Publié le par Nadia Geerts

Le 17 novembre dernier avait lieu au Parlement de la Communauté française un colloque intitulé « Quel avenir pour notre cours de morale ? ». Des extraits de ce colloque, émaillés d’interventions des initiatrices Véronique Jamoulle et Isabelle Emery, ainsi que de témoins privilégiés, sont à découvrir sur http://tinyurl.com/5df4se.

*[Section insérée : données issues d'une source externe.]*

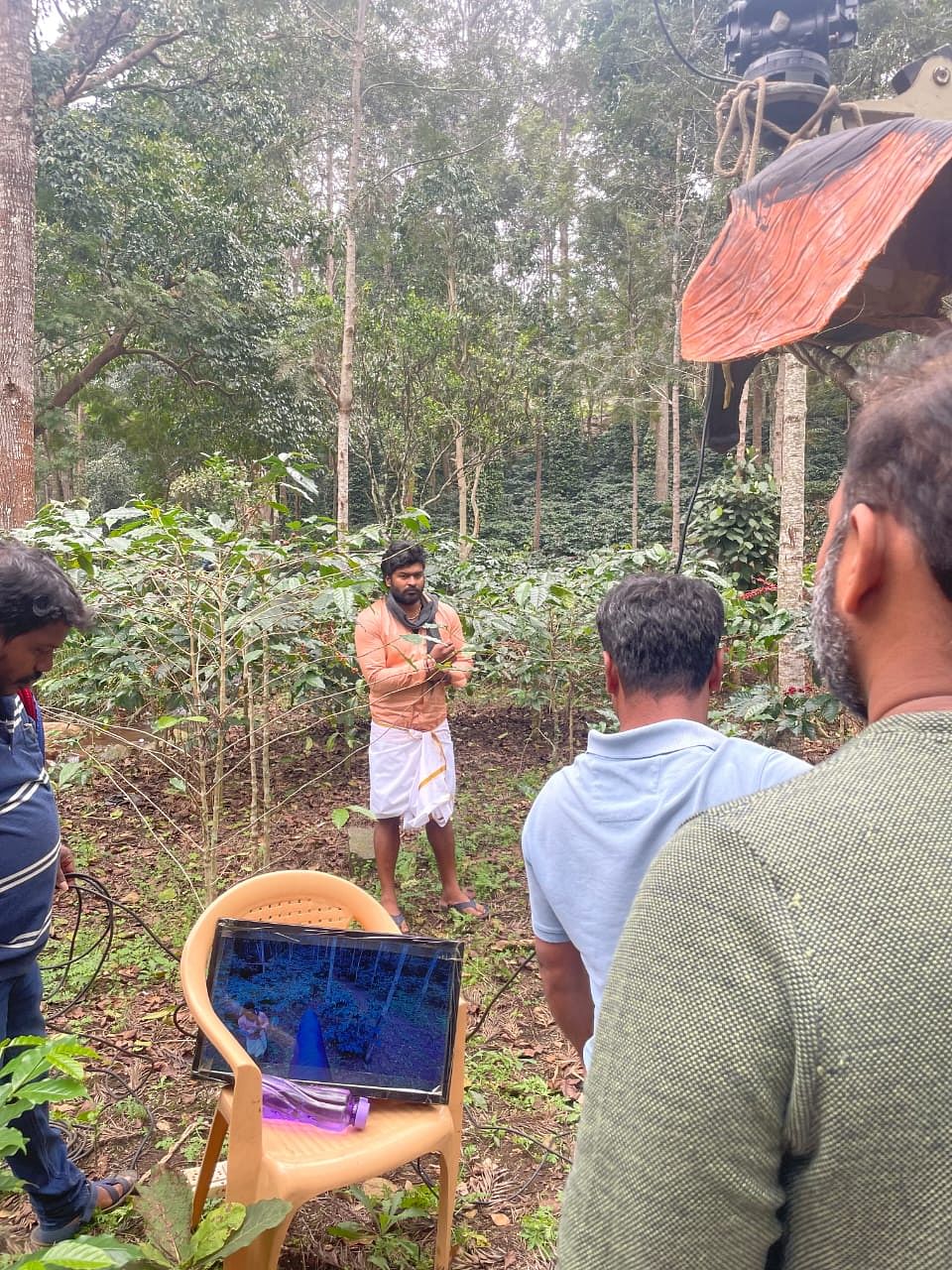 காய்ச்சல்,-கடுங்குளிர்,-அட்டைக்கடி!-சந்திச்சதே இல்ல-இப்படியொரு-ஷூட்டிங்!--`சின்ன-மī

Personnellement, je retiendrai deux choses de ce colloque et de sa présentation vidéo : Premièrement, qu’une très nette tendance s’est dégagée pour plaider en faveur d’un cours unique pour tous les élèves. Une prise de position qui ne peut que me réjouir, puisque je défends depuis longtemps, notamment au sein du R.A.P.P.E.L., l’idée que les cours improprement appelés « philosophiques » constituent une survivance obsolète des guerres scolaires qui ne correspond absolument pas aux besoins du monde scolaire aujourd’hui.

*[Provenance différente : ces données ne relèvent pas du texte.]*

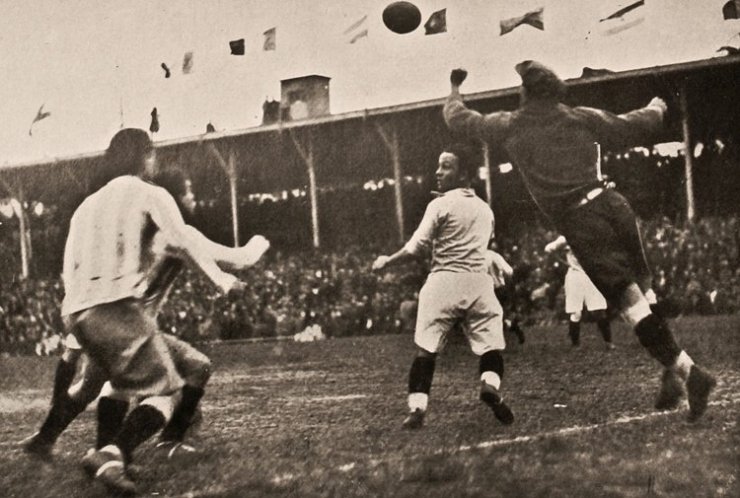 Чемпионат мира 1930: только Франция и Мексика сыграли на 3 стадионах в Монтевидео в ходе турнира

A l’heure ou la société belge est de plus en plus multiculturelle – mais pas vraiment interculturelle malheureusement – il est grand temps de remplacer ces cours fonctionnant comme de petits ghettos idéologiques par un cours qui permettrait la rencontre, la réflexion et le débat. L’école manque dramatiquement d’un lieu où les élèves athées, musulmans, chrétiens, orthodoxes et juifs pourraient échanger sur ce qui les divise, mais aussi sur ce qui les rassemble, tout en construisant cet indispensable socle de valeurs communes qui fonde le vivre ensemble.

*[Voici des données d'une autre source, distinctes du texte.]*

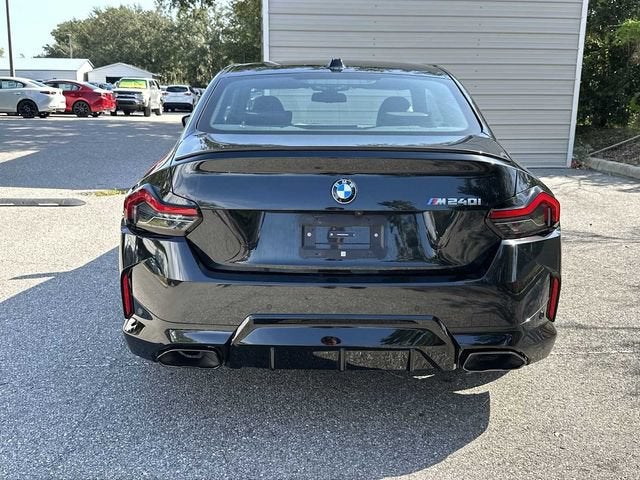 2025 BMW M240 i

L’ouverture à la pratique philosophique, aux sciences humaines, à l’histoire des religions et des philosophies, l’éducation citoyenne, affective et sexuelle, voilà autant de thèmes qui, s’ils constituent la colonne vertébrale du cours de morale actuel, mériteraient amplement d’être proposés à tous les élèves, quelles que soient leurs convictions philosophiques ou religieuses. Visiblement, nombre de professeurs de morale sont aujourd’hui conscients de l’absurdité d’un cours au programme aussi ambitieux, très éloigné d’une quelconque initiation à l’irréligiosité ou à l’incroyance, mais ne s’adressant parfois qu’à une faible minorité des élèves d’un établissement scolaire.

Deuxièmement, j’ai été frappée par les paroles d’Eliane Deproost, du CAL, laquelle pointait le « tabou » qui pesait désormais selon elle sur la laïcité philosophique. Manifestement, Eliane Deproost n’a pas compris qu’il ne s’agissait pas, m’a-t-il semblé comprendre au cours de ma participation à ce colloque, d’une subite autocensure qui frapperait les professeurs de morale et leur ferait s’interdire d’aborder la question de l’athéisme : plus simplement, l’urgence nous paraît autre aujourd’hui que de former de parfaits petits athées, si tant est d’ailleurs que cela ait jamais été le propos du cours de morale.
Entre transmettre à une poignée d’élèves – généralement déjà convaincus – les idéaux de la laïcité philosophique et contribuer à l’édification de tous les élèves dans le but d’un meilleur vivre ensemble, sous la bannière, si j’ose dire, de la laïcité politique, personnellement, je n’hésite pas un seul instant. Car c’est de laïcité politique que nous avons besoin de toute urgence, aujourd’hui. Et en disant cela, je ne minimise en rien l’apport indispensable de tous ces athées, humanistes – d’avant Joëlle Milquet – et autres rationalistes à la promotion de la séparation du droit et de la foi, de l’Etat et des cultes, aujourd’hui comme hier. Un apport dont rien n’interdirait d’ailleurs d’y consacrer quelques leçons dans le cadre de ce cours universaliste que j’appelle de mes vœux.